WHAT IS NEEDED >>
Produce exactly the lines starting at the one containing "Educa Bierflesjes Puzzel" and ending at the last line of the material, with nothing added.

**** EXERCISE DATA ****

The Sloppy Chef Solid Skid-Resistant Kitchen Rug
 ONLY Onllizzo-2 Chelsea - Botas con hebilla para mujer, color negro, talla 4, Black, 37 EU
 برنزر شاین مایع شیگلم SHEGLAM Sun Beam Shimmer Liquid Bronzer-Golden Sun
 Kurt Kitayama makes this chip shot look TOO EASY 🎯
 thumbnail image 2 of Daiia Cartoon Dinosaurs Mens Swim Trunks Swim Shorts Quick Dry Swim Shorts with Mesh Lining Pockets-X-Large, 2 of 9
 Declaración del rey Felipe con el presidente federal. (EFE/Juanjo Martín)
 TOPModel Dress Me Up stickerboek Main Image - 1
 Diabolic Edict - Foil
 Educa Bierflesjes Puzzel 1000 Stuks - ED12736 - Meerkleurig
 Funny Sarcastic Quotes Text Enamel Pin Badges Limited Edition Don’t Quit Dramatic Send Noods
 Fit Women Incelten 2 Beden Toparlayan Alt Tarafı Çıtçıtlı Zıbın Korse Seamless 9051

****

WRITTEN ANSWER >>
 Educa Bierflesjes Puzzel 1000 Stuks - ED12736 - Meerkleurig
 Funny Sarcastic Quotes Text Enamel Pin Badges Limited Edition Don’t Quit Dramatic Send Noods
 Fit Women Incelten 2 Beden Toparlayan Alt Tarafı Çıtçıtlı Zıbın Korse Seamless 9051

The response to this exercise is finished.